The City of London Corporation’s head of the built environment has plenty to take into account, from protecting views of St Paul’s to fostering tech hubs. David Blackman talks to Carolyn Dwyer about her plans for the Square Mile. Photography by Jean Goldsmith

It’s not so long ago that a night out in the City of London was a pretty dreary affair. Getting a drink after 9 o’clock was hard once the Square Mile’s army of dark-suited financial services workers had disgorged into the suburbs and the Home Counties.

Those days are long gone, thanks in no small part to sometimes-controversial former City chief planning officer Peter Rees, who stepped down three years ago. He was instrumental in approving schemes such as the Jean Nouvel-designed One New Change, which changed the area’s previously monocultural identity as a business district to usher in more retail, restaurants and bars.
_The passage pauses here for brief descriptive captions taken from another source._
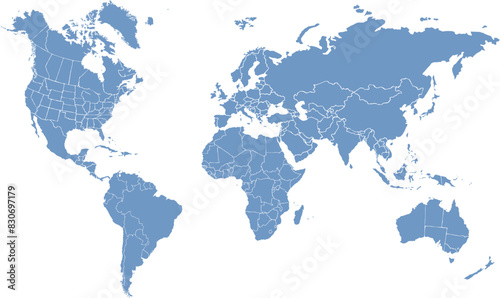 World map. Continents with the contours of the countries. Vector drawing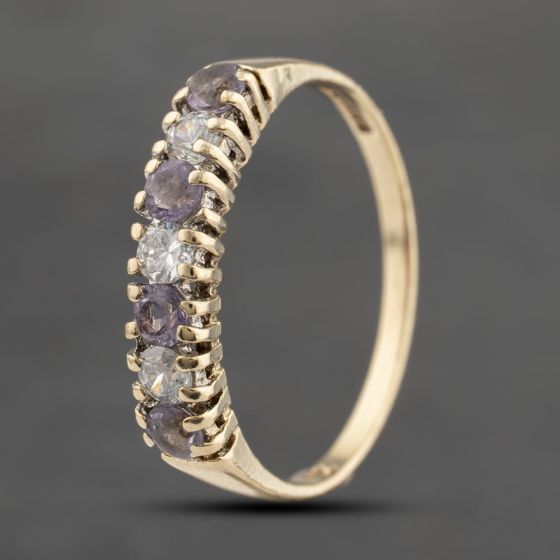 Second Hand 9ct Yellow Gold Amethyst & Cubic Zirconia Half Eternity Ring 41103615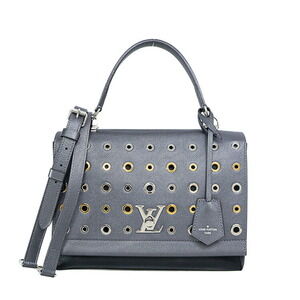 Louis Vuitton Lockme Punching Stud Handbag Bag Metallic Gray Black Leather 2Way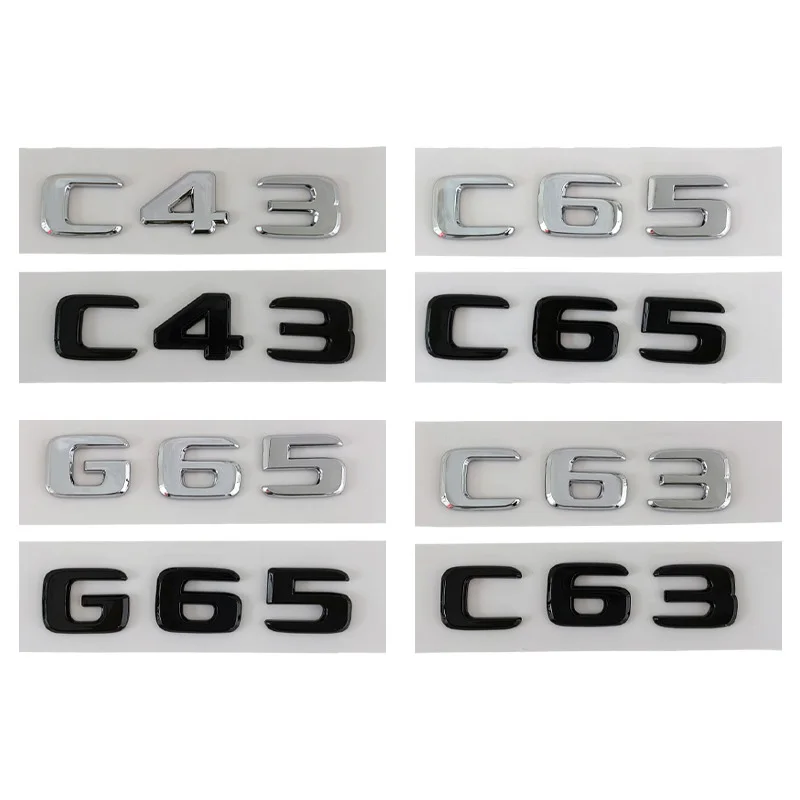 

New 3D ABS Chrome Black Rear Trunk Badge Decal Logo C43 C63 G65 Emblem Sticker For Mercedes AMG W204 W205 W463 Car Accessories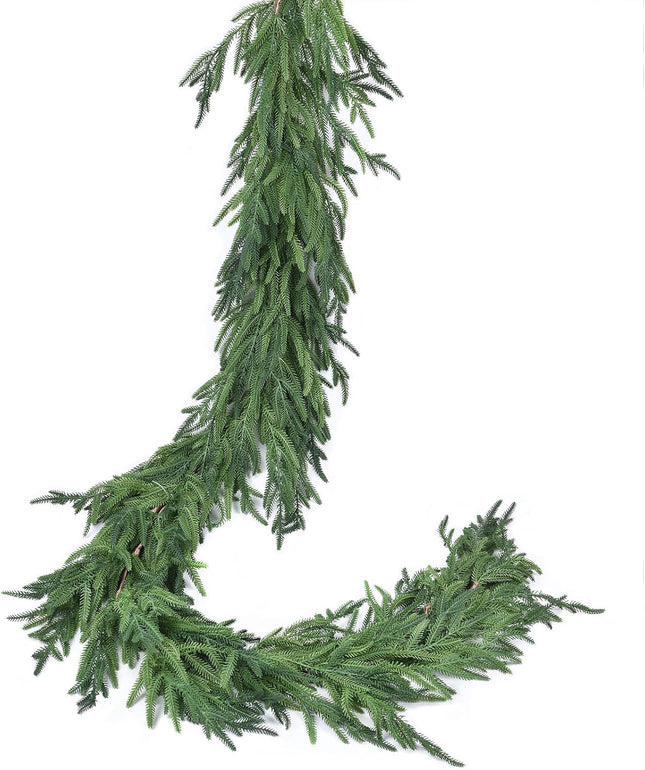 Norfolk Pine Garland Christmas Decoration - 6ft Realistic Norfolk Pine Leaves, Artificial Pine Greenery Garlands for Holiday Mantle Fireplace Stairs Railing Table Home Decor (6 Feet)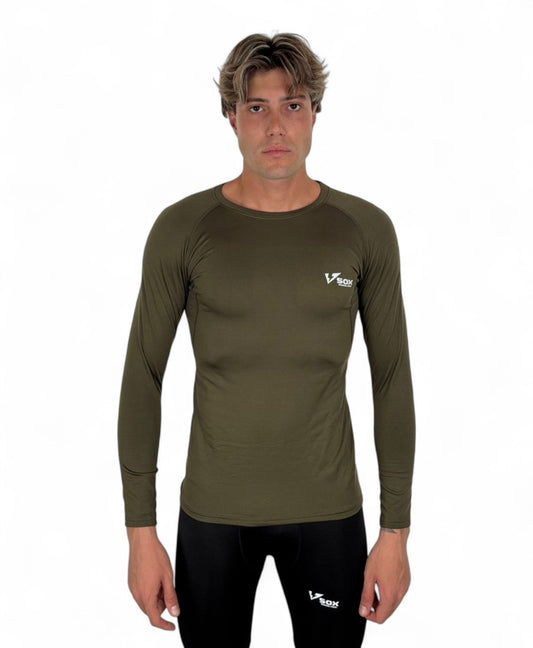 GREEN LONG SLEEVE THERMAL SHIRT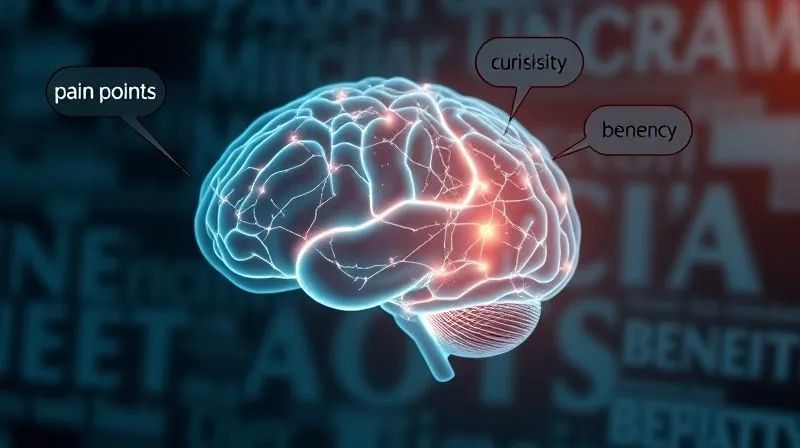 A photorealistic, professional photography shot on a high-end DSLR of a human brain with glowing neural pathways, connected to thought bubbles showing words like 'curiosity', 'urgency', 'benefit', and 'pain points'. Cinematic lighting, sharp focus on the brain, depth of field blurring a background of blurred text. 8K hyper-detailed, showing the psychological process of headline impact.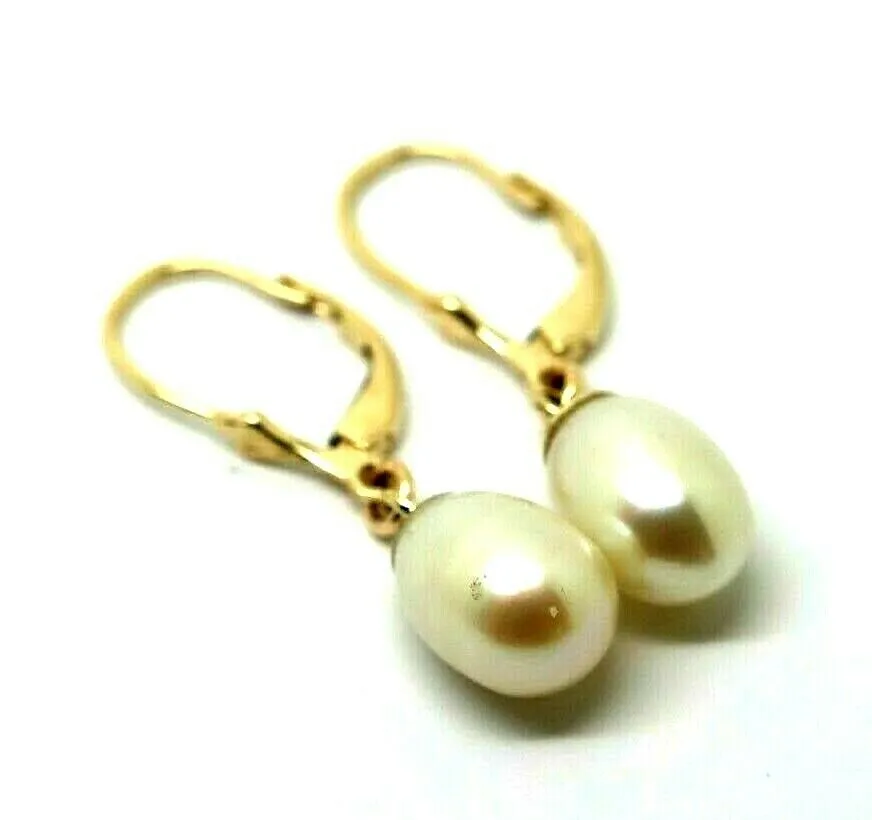 9ct Yellow, Rose or White Gold 11mm Oval Continental Hooks Freshwater Pearl Ball Earrings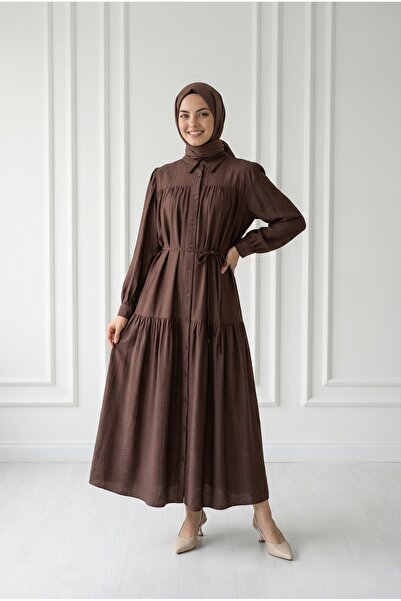 MİHRA STORE Φόρεμα Zafire με κουμπιά και ρόμπα σε χρώμα φράουλας-BN4603 Καφέ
A new team is in charge of the planning department now, led by Carolyn Dwyer, who was appointed director of the built environment at the City of London Corporation, the City’s local authority, two years ago.

Building visited the Corporation’s headquarters at the Guildhall, to find out from Dwyer what further changes might be afoot for the UK’s most valuable real estate: London’s Square Mile.

Serious business

On first impression, Dwyer certainly cuts a more sober figure than Rees, who developed a reputation not only as the man who signed off on some of the city’s most unusual towers, but also as the showiest dresser in the grey-suffused world of planning.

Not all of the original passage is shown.